De ce fait, les autres questions des rapporteurs sont elles aussi balayées. Les rapporteurs demandaient à l’exécutif d’indiquer « si des mesures seront prises pour garantir que les conséquences pénales et financières de l’association avec une organisation dissoute ne s’appliquent pas aux activités de soutien pacifiques ou non violentes ».
Ils exigeaient aussi de la France de « faire parvenir des informations sur les mesures qui ont été prises pour veiller à ce que les défenseurs et défenseuses de droits humains souhaitant exercer leur droit à la liberté d’expression et de réunion pacifique » puissent le faire « sans crainte de harcèlement, de stigmatisation, de répression ou de criminalisation de quelque nature que ce soit ».
La proposition de dissolution (…) semble s’inscrire dans un contexte plus large de criminalisation (…) d’individus et d’organisations qui expriment quelconque critique envers l’État d’Israël.
Rapporteurs
Les rapporteurs se disaient en effet préoccupés par le fait « que la proposition de dissolution d’Urgence Palestine semble s’inscrire dans un contexte plus large de criminalisation par les autorités françaises d’individus et d’organisations qui expriment quelconque critique envers l’État d’Israël ou leur soutien au peuple palestinien ».
Des questions « à ce stade sans objet » pour le gouvernement, lequel précise que « la procédure de dissolution du Collectif Urgence Palestine est toujours en cours ». Il ajoute par ailleurs ne pas être « en mesure d’indiquer si ce groupement fera ou non l’objet d’un décret de dissolution du président de la République ».
« On utilisera tous les moyens que nous offre le droit »

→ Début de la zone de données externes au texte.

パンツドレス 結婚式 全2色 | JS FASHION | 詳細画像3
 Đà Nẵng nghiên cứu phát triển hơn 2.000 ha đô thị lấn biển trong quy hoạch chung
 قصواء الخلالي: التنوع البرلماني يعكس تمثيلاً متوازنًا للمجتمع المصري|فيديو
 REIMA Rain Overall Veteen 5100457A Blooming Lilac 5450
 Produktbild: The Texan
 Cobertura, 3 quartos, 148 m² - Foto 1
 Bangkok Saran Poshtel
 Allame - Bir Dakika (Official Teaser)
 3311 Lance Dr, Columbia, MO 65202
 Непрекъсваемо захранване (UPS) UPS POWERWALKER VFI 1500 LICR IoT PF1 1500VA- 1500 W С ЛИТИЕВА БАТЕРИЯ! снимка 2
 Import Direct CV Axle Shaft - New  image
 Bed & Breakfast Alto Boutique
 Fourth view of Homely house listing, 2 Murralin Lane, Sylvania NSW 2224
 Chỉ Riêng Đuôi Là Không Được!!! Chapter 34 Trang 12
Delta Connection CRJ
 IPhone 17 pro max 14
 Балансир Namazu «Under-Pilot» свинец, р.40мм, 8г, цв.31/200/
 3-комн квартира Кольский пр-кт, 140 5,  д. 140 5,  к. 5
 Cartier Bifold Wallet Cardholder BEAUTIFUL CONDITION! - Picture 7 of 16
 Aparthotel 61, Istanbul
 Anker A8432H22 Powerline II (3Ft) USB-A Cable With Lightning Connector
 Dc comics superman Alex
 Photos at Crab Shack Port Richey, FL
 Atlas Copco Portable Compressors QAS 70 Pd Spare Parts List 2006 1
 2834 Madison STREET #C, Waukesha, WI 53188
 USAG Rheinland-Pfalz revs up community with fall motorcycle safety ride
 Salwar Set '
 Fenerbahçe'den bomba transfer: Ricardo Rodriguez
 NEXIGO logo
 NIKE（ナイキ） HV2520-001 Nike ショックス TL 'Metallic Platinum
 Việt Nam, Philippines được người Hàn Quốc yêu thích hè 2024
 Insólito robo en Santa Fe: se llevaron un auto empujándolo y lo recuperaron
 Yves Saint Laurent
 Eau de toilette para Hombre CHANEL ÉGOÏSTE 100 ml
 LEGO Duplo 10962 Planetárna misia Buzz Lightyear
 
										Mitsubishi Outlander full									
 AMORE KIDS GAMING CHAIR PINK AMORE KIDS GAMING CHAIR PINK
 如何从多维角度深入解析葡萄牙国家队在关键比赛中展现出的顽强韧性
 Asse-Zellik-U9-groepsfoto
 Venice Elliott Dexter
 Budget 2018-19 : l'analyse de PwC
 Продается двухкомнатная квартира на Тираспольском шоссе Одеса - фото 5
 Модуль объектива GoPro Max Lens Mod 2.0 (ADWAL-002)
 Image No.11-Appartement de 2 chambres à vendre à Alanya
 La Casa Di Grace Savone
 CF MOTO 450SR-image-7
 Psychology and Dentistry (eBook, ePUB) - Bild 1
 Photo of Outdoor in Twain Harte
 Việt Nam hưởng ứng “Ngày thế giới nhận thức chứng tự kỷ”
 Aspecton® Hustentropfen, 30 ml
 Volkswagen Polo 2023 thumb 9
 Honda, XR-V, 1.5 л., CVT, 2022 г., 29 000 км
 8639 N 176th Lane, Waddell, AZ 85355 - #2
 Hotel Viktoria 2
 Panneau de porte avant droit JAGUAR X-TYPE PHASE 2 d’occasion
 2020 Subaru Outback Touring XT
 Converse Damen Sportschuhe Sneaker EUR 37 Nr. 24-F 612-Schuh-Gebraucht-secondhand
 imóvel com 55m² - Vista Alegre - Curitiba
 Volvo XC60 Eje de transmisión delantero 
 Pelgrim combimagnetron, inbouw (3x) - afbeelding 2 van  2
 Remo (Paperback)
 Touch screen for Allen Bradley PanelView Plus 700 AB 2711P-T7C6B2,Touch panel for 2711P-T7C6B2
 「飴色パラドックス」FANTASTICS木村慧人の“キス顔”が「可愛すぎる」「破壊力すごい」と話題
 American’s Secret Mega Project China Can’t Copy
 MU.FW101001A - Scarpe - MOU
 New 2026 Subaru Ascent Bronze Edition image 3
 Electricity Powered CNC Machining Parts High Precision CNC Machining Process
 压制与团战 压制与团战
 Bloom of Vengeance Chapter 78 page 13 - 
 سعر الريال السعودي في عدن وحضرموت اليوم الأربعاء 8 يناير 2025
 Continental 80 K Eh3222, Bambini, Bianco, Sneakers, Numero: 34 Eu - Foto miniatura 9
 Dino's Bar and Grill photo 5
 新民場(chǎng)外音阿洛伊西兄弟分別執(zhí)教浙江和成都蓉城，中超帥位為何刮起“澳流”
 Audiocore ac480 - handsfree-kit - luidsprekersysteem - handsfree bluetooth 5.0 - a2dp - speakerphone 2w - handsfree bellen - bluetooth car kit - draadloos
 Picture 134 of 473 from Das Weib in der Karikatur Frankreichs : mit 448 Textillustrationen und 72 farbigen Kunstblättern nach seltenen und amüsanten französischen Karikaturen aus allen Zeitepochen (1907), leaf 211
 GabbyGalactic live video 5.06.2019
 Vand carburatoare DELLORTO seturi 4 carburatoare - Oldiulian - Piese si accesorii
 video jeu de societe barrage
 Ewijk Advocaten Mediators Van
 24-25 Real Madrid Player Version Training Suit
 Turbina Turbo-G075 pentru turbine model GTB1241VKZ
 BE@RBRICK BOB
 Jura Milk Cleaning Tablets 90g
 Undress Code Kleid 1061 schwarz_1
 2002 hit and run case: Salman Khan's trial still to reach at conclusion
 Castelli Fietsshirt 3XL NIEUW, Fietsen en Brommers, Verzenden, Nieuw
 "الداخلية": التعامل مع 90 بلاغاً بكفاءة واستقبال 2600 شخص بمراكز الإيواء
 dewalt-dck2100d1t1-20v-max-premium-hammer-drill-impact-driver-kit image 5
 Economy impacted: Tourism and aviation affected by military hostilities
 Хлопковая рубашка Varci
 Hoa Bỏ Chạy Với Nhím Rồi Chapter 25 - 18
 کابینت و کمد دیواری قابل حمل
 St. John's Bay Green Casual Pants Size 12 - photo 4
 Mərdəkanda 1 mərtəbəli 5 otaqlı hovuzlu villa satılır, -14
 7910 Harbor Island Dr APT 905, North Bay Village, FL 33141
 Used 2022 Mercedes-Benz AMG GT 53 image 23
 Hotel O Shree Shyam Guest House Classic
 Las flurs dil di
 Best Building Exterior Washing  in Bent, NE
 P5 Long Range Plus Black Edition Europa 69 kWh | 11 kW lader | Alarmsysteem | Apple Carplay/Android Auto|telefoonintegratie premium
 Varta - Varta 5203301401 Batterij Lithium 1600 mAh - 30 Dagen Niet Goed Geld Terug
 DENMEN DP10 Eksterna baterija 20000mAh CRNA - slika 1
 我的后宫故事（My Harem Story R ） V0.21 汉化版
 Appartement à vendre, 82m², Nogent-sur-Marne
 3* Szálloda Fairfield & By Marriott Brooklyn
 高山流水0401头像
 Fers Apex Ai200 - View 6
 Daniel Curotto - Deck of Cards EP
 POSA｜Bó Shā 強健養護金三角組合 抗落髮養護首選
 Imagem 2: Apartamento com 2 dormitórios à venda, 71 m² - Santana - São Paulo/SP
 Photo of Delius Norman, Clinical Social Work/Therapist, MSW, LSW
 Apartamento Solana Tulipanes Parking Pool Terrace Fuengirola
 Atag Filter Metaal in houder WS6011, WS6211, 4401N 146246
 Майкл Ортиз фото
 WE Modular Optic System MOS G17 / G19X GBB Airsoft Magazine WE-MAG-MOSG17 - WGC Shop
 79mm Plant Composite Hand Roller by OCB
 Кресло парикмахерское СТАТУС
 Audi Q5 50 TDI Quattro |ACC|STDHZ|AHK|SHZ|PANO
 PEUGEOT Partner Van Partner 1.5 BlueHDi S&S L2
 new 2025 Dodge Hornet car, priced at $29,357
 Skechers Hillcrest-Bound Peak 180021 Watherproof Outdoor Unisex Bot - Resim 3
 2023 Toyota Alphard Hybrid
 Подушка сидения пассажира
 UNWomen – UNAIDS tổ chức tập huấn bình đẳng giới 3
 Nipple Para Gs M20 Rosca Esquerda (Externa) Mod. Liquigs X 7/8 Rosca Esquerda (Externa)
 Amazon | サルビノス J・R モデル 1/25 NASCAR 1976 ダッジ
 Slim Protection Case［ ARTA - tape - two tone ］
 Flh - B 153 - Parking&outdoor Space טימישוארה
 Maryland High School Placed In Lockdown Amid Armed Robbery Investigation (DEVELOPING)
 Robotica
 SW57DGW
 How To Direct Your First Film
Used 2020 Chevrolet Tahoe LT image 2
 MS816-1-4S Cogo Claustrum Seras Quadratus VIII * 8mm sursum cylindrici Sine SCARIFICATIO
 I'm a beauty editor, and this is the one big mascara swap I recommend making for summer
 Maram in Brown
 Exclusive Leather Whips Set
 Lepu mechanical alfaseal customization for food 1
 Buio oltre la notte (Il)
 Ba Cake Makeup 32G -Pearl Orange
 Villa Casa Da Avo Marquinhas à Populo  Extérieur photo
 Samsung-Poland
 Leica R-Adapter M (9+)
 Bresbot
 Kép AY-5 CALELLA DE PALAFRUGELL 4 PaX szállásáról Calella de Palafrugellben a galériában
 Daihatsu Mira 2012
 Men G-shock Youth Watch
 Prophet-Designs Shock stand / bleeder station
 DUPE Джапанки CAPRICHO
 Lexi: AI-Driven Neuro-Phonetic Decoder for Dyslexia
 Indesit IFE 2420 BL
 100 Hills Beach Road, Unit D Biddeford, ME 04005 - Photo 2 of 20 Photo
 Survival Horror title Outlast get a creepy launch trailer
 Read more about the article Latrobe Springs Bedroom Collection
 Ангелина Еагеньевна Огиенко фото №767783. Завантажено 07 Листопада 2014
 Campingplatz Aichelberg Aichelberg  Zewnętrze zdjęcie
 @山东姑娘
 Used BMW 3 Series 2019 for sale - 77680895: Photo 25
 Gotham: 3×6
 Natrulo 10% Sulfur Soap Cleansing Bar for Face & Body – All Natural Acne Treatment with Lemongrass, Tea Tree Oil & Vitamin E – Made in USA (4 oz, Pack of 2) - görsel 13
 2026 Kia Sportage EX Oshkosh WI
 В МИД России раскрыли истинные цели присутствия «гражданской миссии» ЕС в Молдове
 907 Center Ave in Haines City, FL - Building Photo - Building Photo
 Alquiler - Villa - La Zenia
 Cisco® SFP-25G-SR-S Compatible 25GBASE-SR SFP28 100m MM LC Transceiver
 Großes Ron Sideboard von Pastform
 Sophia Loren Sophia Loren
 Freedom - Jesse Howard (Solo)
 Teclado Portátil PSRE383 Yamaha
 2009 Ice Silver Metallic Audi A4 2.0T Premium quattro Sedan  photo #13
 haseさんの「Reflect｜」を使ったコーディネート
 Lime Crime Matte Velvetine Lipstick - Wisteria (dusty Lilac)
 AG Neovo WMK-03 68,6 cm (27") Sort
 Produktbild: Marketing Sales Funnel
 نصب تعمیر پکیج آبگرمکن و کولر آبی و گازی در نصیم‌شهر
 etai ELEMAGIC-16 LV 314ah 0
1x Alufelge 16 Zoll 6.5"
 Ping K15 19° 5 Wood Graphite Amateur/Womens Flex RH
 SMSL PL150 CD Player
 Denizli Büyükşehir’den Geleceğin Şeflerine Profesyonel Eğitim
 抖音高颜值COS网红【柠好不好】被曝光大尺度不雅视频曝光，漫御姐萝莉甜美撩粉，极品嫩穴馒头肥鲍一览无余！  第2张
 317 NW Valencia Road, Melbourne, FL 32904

Pour Omar Alsoumi, la réponse du gouvernement reflète « une forme de gêne assez terrible, face aux agissements d’un ministre de l’Intérieur qui, de façon manifeste, instrumentalise la justice et le droit pour des intérêts qui ne sont pas ceux d’une démocratie ». Si la procédure de dissolution semble pour l’instant gelée, la répression se poursuit. Début novembre, Omar Alsoumi, porte-parole d’Urgence Palestine, a été à nouveau perquisitionné, puis placé en garde à vue. La procédure de gel des avoirs visant ses comptes a également été renouvelée, dans un arrêté du 20 novembre.
Pour Raffaele Morgantini, représentant du Cetim auprès de l’ONU, la communication des rapporteurs est une « victoire ». « Les interpellations des rapporteurs n’emportent aucune obligation juridique. Mais le fait que la plus haute autorité internationale sur la question de la liberté d’association et d’expression affirme que la criminalisation de mouvements pacifiques solidaires avec la Palestine constitue une violation des engagements internationaux de la France en matière de droits humains, constitue une forme de jurisprudence. »
C’est maintenant au peuple français de s’en saisir et d’interpeller le gouvernement pour stopper toute future entreprise de criminalisation
O. Alsoumi
Il poursuit : « C’est maintenant au peuple français de s’en saisir et d’interpeller le gouvernement pour stopper toute future entreprise de criminalisation. C’est aussi une référence qui pourra être utilisée pour argumenter ou interpréter le droit français. »
Selon Omar Alsoumi, Urgence Palestine n’exclut pas de « compléter la saisine des rapporteurs spéciaux et de l’élargir aux autres personnes et organisations qui subissent cette criminalisation de la solidarité avec la Palestine ». « On utilisera tous les moyens que nous offre le droit pour continuer notre bataille pour la justice et la dignité », conclut-il.